FOR many people around the world this year, the weather has become anything but a topic for small talk.
Typhoon Haiyan in the Philippines, in the US a record- breaking freeze and year-long drought in California, and flooding in Europe have put the long-term dangers of climate change back on the political agenda. In response, UN Secretary General Ban Ki-moon has sent an urgent letter to government, business, civil society, and finance leaders, urging them to attend a special climate summit in New York in September.
The event will be the first time world leaders have met to discuss global warming since the UN’s fateful Copenhagen climate change summit in 2009. Amid high expectations and subsequent recriminations that meeting failed to achieve a comprehensive, legally binding agreement to reduce greenhouse gas emissions.
So, at September’s summit, leaders will be asked to reboot the diplomatic process. The goal is a new agreement in 2015 to prevent average global temperatures from rising by two degrees celsius, the level that the international community has deemed dangerous to human society.
At first sight, that looks like a hard task. Since Copenhagen, climate change has slipped down the global agenda, as the restoration of economic growth, voter concern about jobs and living standards, and violent conflict in key trouble spots have taken precedence.
However, the tide may be turning. More people are grasping the true extent of the dangers ahead. In its latest authoritative assessment, the Intergovernmental Panel on Climate Change concluded last year that scientists are now 95% certain that human activities are the principal cause of rising temperatures. Over the next two months, the IPCC will release further reports detailing the human and economic impacts of probable climate change and the costs and benefits of combating it.
US Secretary of State John Kerry recently described climate change as “perhaps the world’s most fearsome weapon of mass destruction”, warning of “a tipping point of no return”. Few serious commentators now dispute the science.
So the key question now is how the world’s leaders will respond. There are grounds for optimism.
First, New York will not be like Copenhagen. Leaders are not being asked to negotiate a new agreement themselves; that job will remain with their professional negotiators and environment ministers.
Moreover, the process will not be concluded this year but at the UN climate conference in Paris in December 2015. That provides plenty of time to translate political commitments made in New York into a legally binding accord.

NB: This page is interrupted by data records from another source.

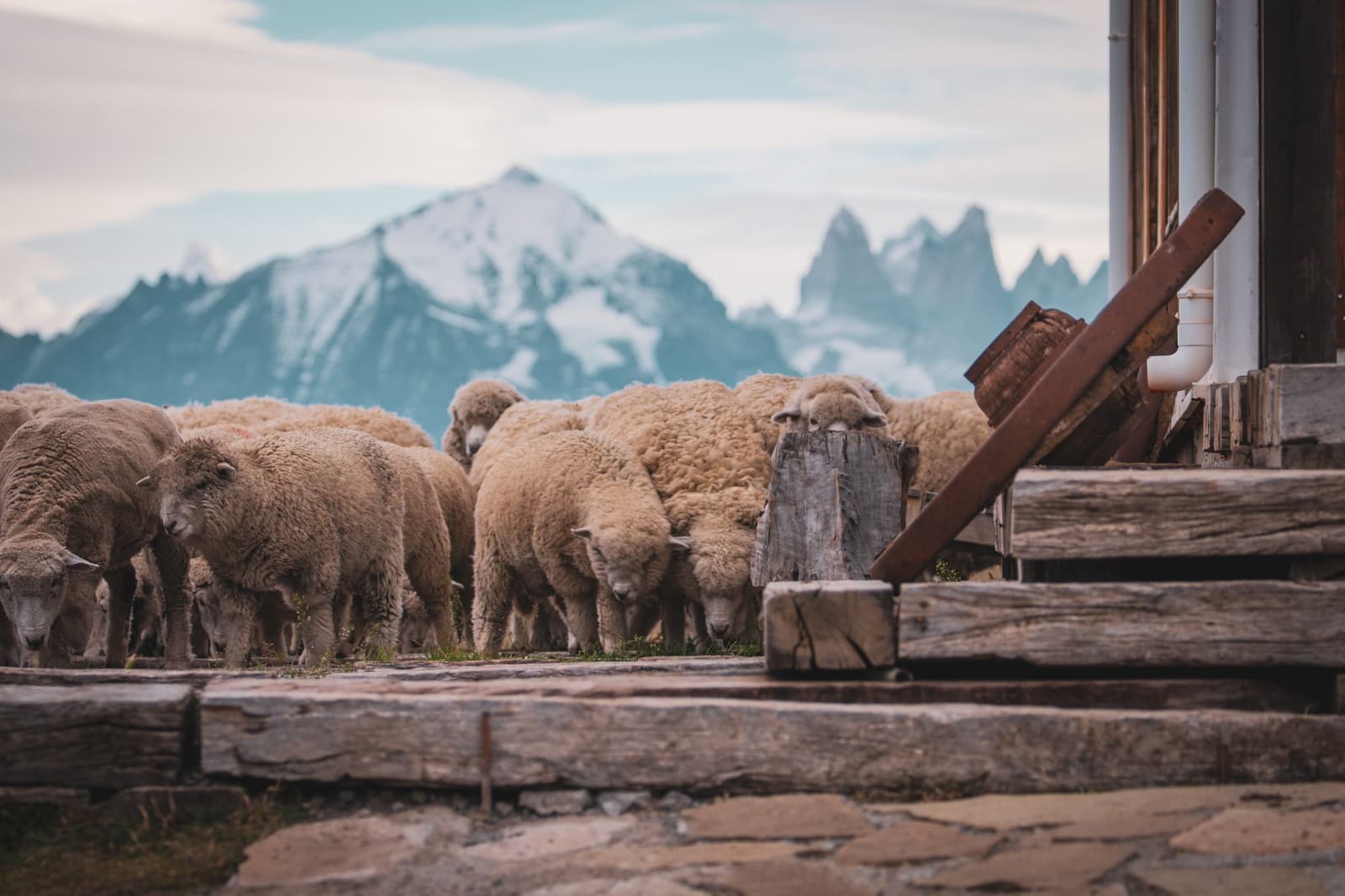 Sheep have their own schedule, and the towers don't mind waiting. A dense flock of woolly sheep grazes beside a rustic wooden building at Estancia Cerro Guido, with snow-capped granite peaks rising sharply against a pale sky in the background.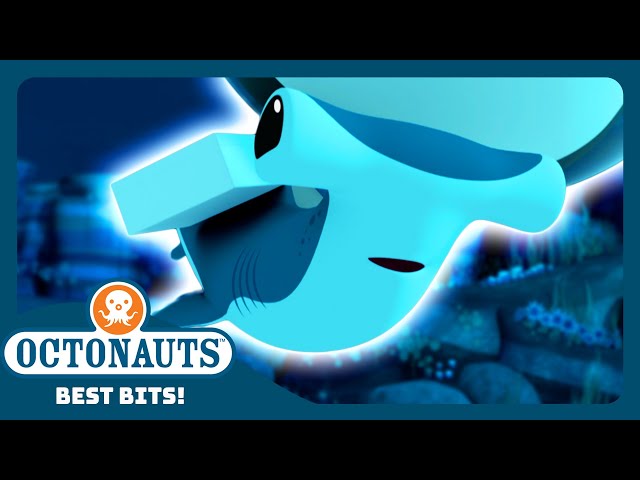 @Octonauts - ⛑️ Saving the Baby Hammerhead Sharks 🦈 | Season 3 | Best Bits! | Shark Awareness Day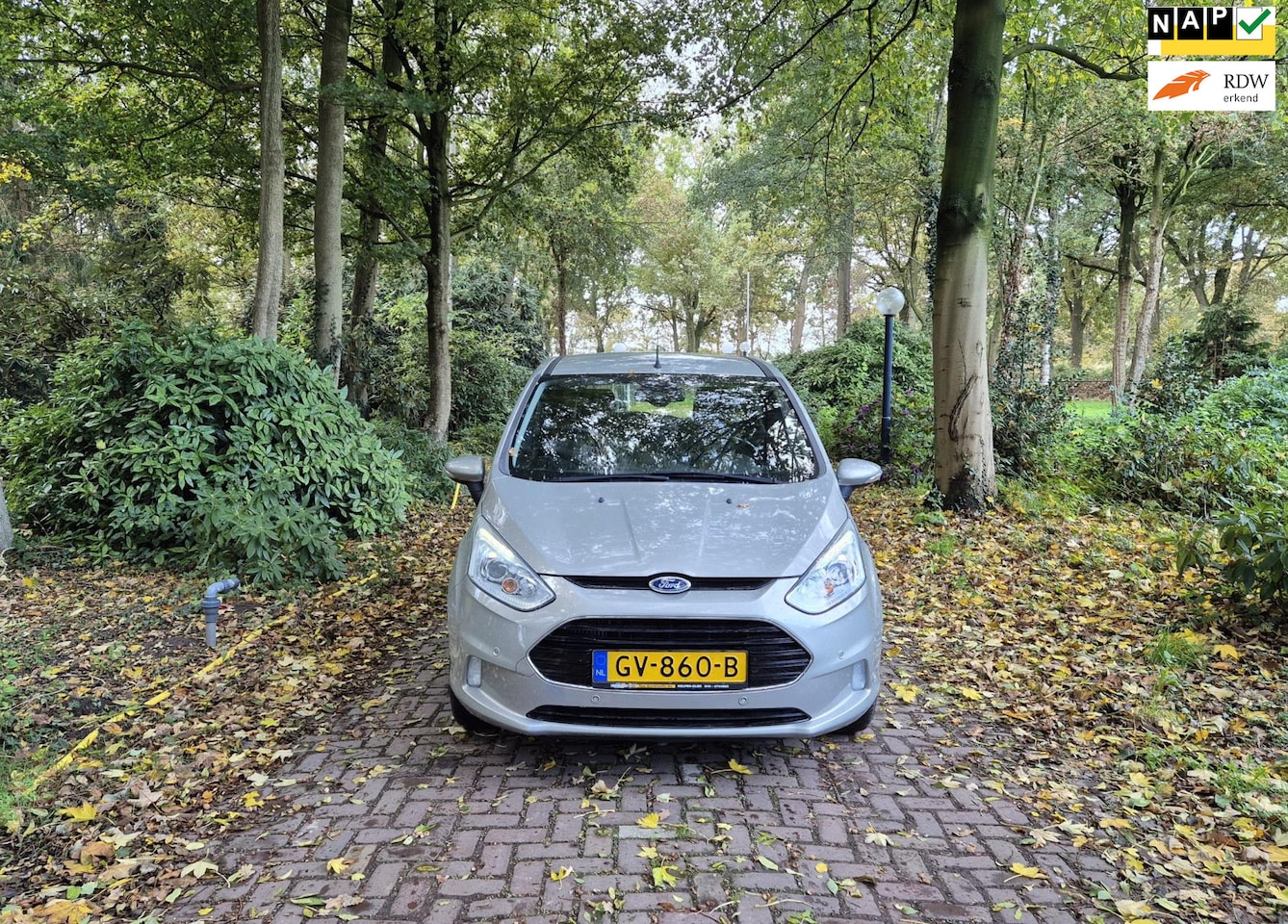 Ford B-Max - 1.0 EcoBoost Titanium 1.0 EcoBoost Titanium - AutoWereld.nl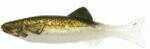 Renosky Keystone Jig Minnow 1/16Oz .75" 1 Rig Brown Trout Model: KJM116-BT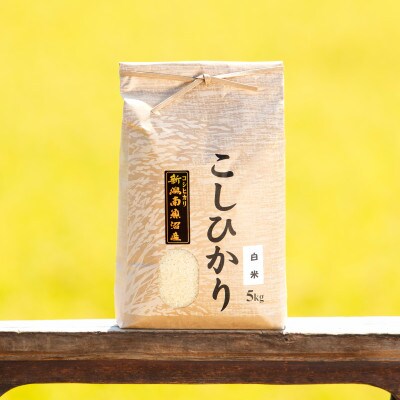 【毎月定期便】南魚沼産こしひかり(白米)【5kg】全9回
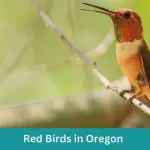 12 Red Birds in Oregon (+Free Photo Guide)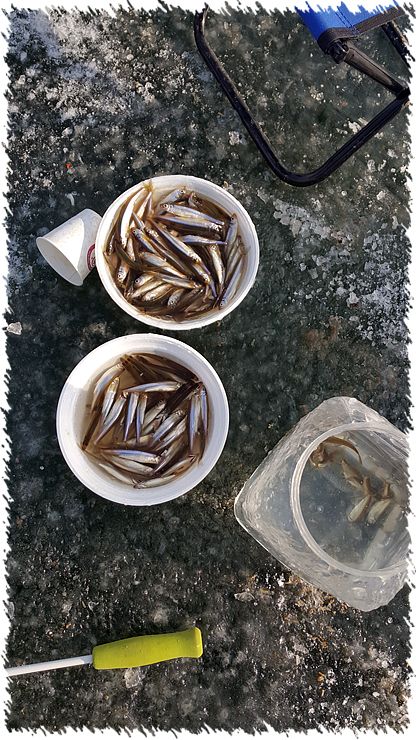 20160121_144810.jpg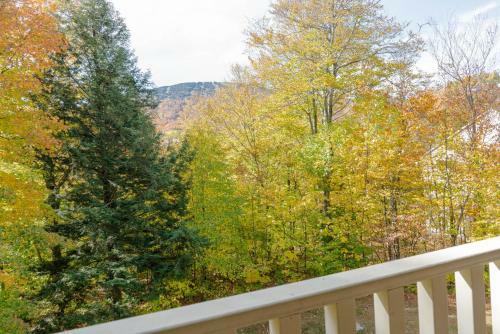 Apartamentos Stratton Mountain Resort/vantage Point Condominium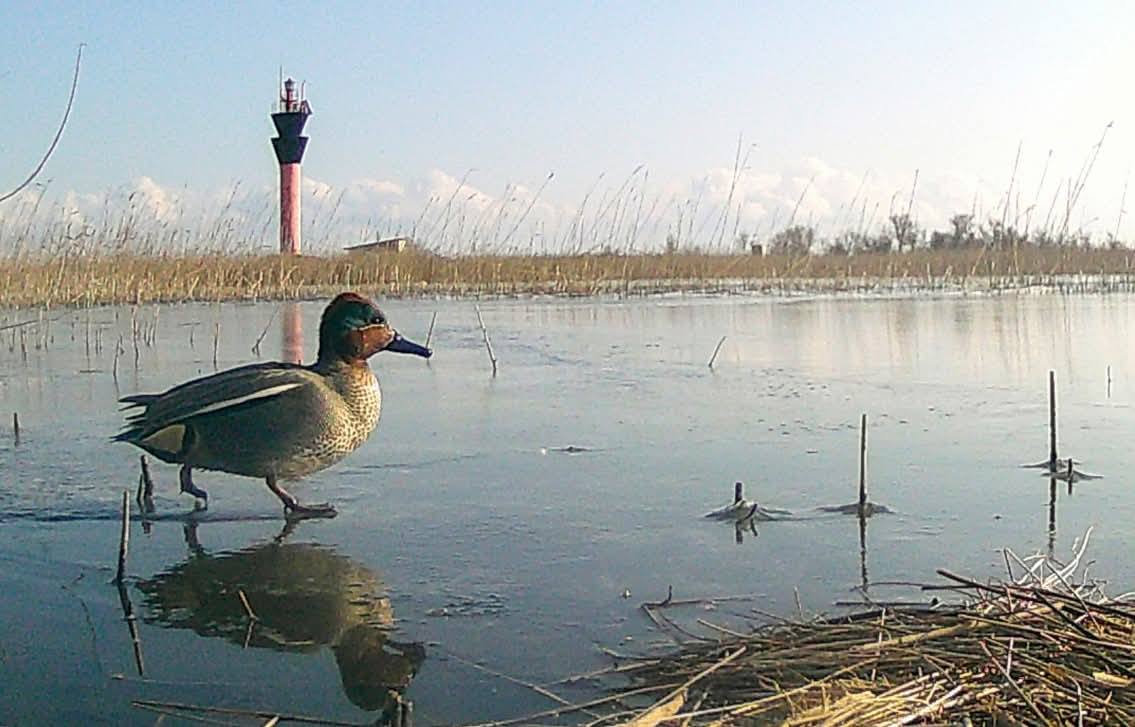 Як на півдні Одещини птахи шукають їжу по замерзлих лиманах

Second, the world’s two largest greenhouse-gas emitters, the US and China, are more committed to action than they were five years ago. US president Barack Obama has announced a plan authorising the Environment Protection Agency to take dramatic measures in the next few months to limit power-station emissions, virtually ending coal-fired electricity altogether.
In China, worsening air pollution and growing concerns about energy security have led the government to consider a cap on coal use and an absolute reduction in emissions within the next 10 to 15 years.
Further, the two countries are actively co-operating. Last year Obama and Chinese president Xi Jinping committed to phase out hydrofluorcarbons, a potent greenhouse gas. In February, they announced their intention to work together on climate policy — a marked contrast to Sino-US tensions over Pacific security and trade issues. With the EU also preparing to commit to new 2030 climate targets, hopes for a global deal are rising.
A third cause for optimism is the reappraisal of climate-change economics. Five years ago, policies aimed at cutting greenhouse-gas emissions were seen as a cost burden on the economy. Negotiations were therefore a zero-sum game, with countries seeking to minimise their obligations while asking others to do more.
However, new evidence may be altering the economic calculus. According to research conducted by the Global Commission on the Economy and Climate, far from hurting the economy, well-designed climate policy may actually boost growth.
Chaired by former Mexican president Felipe Calderón and comprising former prime ministers, presidents, and finance ministers, the Commission is analysing how investments in clean-energy infrastructure, agricultural productivity, and urban transport could stimulate sluggish economies.
Its conclusions will be presented at September’s summit; if accepted, the Commission’s work could mark a turning point.
None of this guarantees success. Powerful vested interests, not least the world’s fossil fuel industries, will no doubt seek to limit progress, and most governments are not yet focused on the problem. But one thing is sure: Ihe reality of climate change is making it impossible to ignore.